Buying a used RV can allow you to get into a higher quality, higher-end RV compared to what you would be able to buy new.

A newer RV is not always better, especially when comparing older RVs with higher-quality construction to newer RVs that are mass-produced as quickly as possible.

Pros and Cons of Buying A Used RV

There is no perfect RV and the decision to purchase new or used can be a big one.

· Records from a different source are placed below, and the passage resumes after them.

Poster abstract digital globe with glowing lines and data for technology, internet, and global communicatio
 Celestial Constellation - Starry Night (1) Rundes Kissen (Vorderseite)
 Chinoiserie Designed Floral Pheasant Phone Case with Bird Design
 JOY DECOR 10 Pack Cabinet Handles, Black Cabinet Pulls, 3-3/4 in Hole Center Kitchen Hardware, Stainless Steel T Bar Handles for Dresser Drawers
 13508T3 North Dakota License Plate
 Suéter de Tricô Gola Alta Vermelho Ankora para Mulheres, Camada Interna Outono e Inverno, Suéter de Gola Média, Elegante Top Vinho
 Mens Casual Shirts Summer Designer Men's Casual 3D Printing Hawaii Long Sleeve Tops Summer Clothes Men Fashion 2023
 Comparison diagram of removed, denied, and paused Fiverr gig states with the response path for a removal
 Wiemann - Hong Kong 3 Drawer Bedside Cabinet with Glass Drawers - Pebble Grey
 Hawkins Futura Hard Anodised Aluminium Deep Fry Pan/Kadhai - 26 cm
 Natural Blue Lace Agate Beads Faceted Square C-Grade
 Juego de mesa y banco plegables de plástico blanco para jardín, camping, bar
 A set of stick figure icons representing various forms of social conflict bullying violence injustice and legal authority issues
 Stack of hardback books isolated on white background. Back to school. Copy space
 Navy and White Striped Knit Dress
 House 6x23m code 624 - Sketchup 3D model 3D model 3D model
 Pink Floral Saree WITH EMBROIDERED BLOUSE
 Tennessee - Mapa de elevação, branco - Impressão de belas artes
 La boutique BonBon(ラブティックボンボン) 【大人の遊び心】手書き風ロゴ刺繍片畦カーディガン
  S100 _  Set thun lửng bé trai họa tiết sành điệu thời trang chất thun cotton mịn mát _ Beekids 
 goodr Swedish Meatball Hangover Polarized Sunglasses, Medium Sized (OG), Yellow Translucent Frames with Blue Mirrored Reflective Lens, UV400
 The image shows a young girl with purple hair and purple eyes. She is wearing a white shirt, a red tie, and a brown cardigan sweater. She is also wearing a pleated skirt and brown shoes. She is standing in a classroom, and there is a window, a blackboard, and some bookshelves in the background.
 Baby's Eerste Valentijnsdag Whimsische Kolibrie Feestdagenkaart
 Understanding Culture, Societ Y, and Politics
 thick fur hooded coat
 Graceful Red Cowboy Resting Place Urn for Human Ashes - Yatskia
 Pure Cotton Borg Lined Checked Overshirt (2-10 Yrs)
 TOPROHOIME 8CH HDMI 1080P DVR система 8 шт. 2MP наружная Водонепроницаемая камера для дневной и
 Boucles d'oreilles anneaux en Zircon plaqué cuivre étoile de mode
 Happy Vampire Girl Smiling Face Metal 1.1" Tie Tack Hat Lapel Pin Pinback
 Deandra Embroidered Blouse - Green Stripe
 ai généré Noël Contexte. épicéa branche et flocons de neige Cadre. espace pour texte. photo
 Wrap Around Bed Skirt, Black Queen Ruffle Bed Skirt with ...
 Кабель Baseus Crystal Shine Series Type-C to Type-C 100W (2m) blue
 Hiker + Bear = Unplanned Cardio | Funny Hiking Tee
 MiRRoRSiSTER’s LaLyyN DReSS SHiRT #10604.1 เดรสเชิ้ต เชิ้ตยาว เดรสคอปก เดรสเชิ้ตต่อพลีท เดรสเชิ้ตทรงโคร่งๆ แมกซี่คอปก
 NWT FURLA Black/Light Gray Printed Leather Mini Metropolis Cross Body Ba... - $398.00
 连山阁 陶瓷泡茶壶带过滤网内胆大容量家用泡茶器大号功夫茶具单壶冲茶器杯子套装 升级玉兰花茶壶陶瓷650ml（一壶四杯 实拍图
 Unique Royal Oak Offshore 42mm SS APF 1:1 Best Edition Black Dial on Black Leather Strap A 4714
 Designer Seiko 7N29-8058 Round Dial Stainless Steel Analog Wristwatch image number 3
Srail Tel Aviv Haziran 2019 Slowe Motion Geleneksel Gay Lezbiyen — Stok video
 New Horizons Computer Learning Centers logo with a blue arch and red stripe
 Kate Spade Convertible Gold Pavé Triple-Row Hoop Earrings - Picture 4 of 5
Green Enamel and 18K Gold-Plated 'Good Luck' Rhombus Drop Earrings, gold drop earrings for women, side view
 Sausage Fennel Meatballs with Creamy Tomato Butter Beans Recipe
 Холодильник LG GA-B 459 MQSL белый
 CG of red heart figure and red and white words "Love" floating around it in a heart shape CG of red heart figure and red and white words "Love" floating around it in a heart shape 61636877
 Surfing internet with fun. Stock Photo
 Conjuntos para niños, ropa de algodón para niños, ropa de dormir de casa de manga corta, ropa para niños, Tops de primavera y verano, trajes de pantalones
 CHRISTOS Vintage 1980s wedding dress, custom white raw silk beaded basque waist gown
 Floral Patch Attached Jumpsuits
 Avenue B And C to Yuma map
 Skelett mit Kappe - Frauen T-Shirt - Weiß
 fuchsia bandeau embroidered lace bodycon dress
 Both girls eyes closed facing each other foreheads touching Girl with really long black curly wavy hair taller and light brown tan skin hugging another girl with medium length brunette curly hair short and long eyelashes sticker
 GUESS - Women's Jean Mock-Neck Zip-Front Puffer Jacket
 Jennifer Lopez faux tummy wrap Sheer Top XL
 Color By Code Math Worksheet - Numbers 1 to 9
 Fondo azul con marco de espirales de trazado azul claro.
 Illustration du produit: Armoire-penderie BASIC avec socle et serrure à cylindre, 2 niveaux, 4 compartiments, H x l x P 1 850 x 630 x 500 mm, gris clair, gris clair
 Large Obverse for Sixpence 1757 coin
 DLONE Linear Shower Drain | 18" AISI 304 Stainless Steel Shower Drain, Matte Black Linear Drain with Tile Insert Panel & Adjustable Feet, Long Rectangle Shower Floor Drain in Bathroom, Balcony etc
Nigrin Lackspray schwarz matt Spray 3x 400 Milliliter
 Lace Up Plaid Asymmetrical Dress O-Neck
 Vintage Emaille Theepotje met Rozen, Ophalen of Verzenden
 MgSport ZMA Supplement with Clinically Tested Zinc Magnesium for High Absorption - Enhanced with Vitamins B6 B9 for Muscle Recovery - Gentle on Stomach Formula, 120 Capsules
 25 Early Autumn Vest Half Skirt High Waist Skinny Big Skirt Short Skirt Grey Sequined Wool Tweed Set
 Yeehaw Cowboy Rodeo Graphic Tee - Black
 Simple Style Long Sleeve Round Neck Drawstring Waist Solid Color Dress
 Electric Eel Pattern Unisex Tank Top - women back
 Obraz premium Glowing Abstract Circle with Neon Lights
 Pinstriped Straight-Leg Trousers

Consider these pros and cons to help you make your decision:

Benefits of purchasing a used RV

  • Avoid steep depreciation of new RVs
  • Access to higher-end models within your budget
  • More wiggle room for negotiation and cost savings
  • Any warranty work or minor problems were likely fixed by the first owner
  • Potential cost savings on insurance premiums and registration
  • Money saved can go towards upgrades and personalization

Drawbacks of purchasing a used RV

  • No warranty coverage for repairs (unless an extended warranty has been purchased)
  • Potential for higher maintenance costs over time and some parts may be harder to come by
  • If the RV is over 10 years old it may be tougher to book at certain RV parks
  • There may be hidden damage that is hard to see
  • Used RVs may require updating if you want a more modern interior

We ultimately decided to purchase a used 2015 DRV Mobile Suites to live in full time for the following reasons:

  • Higher-end RV features within our budget (a luxury fifth wheel with independent suspension, full body paint, heated and insulated underbelly, residential plumbing, and automotive disc brakes)
  • Highly reputable maintenance facilities that specialize in DRVs
  • A helpful community of DRV owners who praised DRV quality and longevity (including examples of people still full-time RVing in their DRVs from 2006)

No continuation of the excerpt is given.